Let's apply the decision tree to the diabetes dataset we worked on in the previous recipe:
- Start the Spark shell or the Databricks Cloud shell and do the necessary imports:
$ spark-shell
scala> import
org.apache.spark.ml.classification.DecisionTreeClassifier
scala> import
org.apache.spark.ml.evaluation.BinaryClassificationEvaluator
- Read the diabetes data as a DataFrame:
scala> val data =
spark.read.format("libsvm").option("inferschema","true")
.load("s3a://sparkcookbook/medicaldata/diabetes.libsvm")
- Split it into training and test datasets:
scala> val Array(trainingData, testData) =
data.randomSplit(Array(0.7, 0.3))
- Initialize the decision tree classifier:
scala> val dt = new DecisionTreeClassifier()
- Train the model using the training data:
scala> val model = dt.fit(trainingData)
- Do predictions on the test dataset:
scala> val predictions = model.transform(testData)
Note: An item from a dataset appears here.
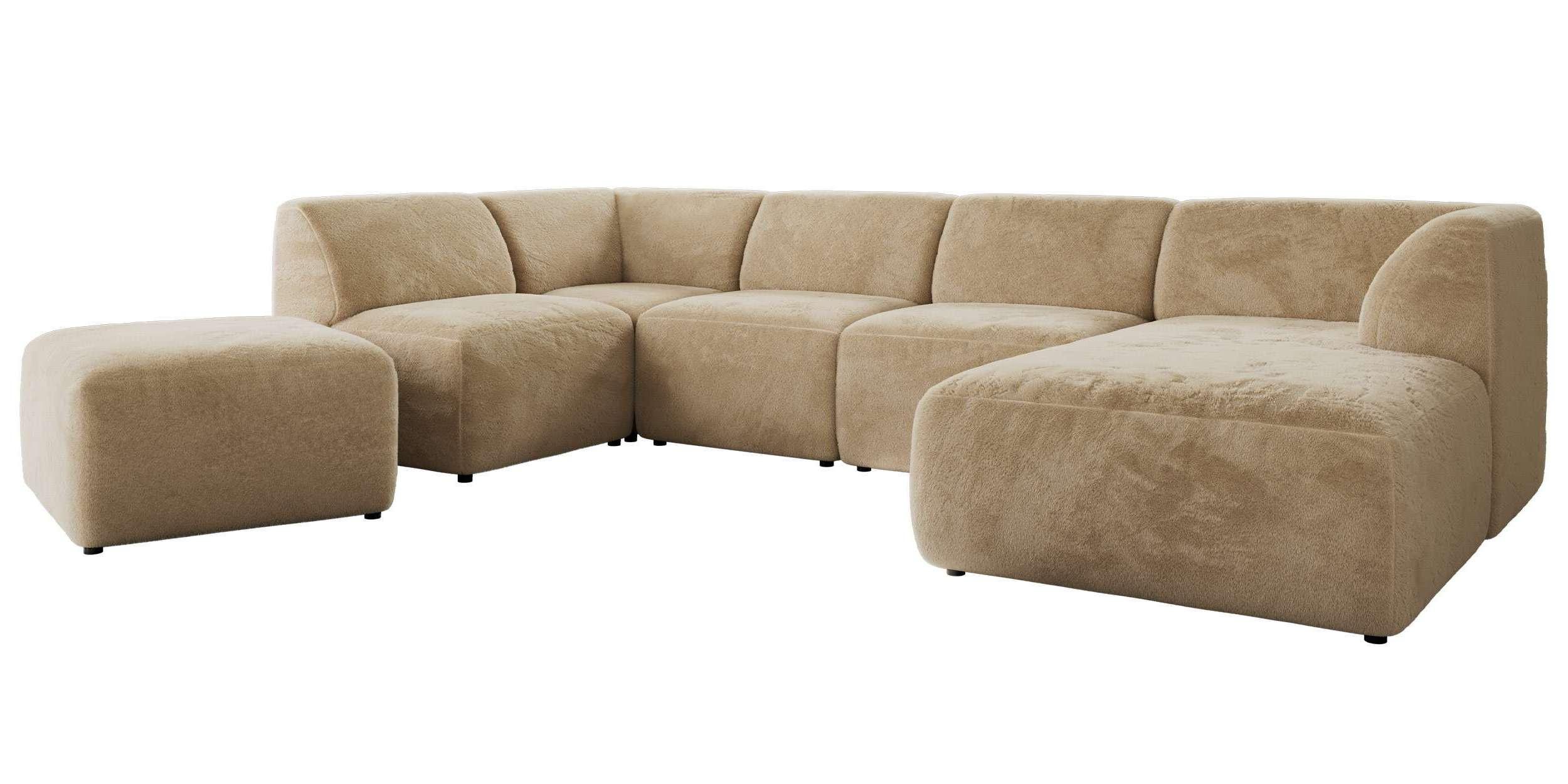 WOHNLANDSCHAFT MODARO U 6M - Beige Plüsch - Rechts - Beige/Schwarz, Textil (345/78/180cm) - MKS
- Initialize the evaluator:
scala> val evaluator = new BinaryClassificationEvaluator()
- Evaluate the predictions:
scala> val auroc = evaluator.evaluate(predictions)
- Print the area under the curve:
scala> println(s"Area under ROC = $auroc")
Area under ROC = 0.7624556737588652
We used the decision tree classifier here without tweaking a hyperparameter and got 76 percent of the area under the curve. Why don't you tweak hyperparameters yourselves and see whether you can improve it even further?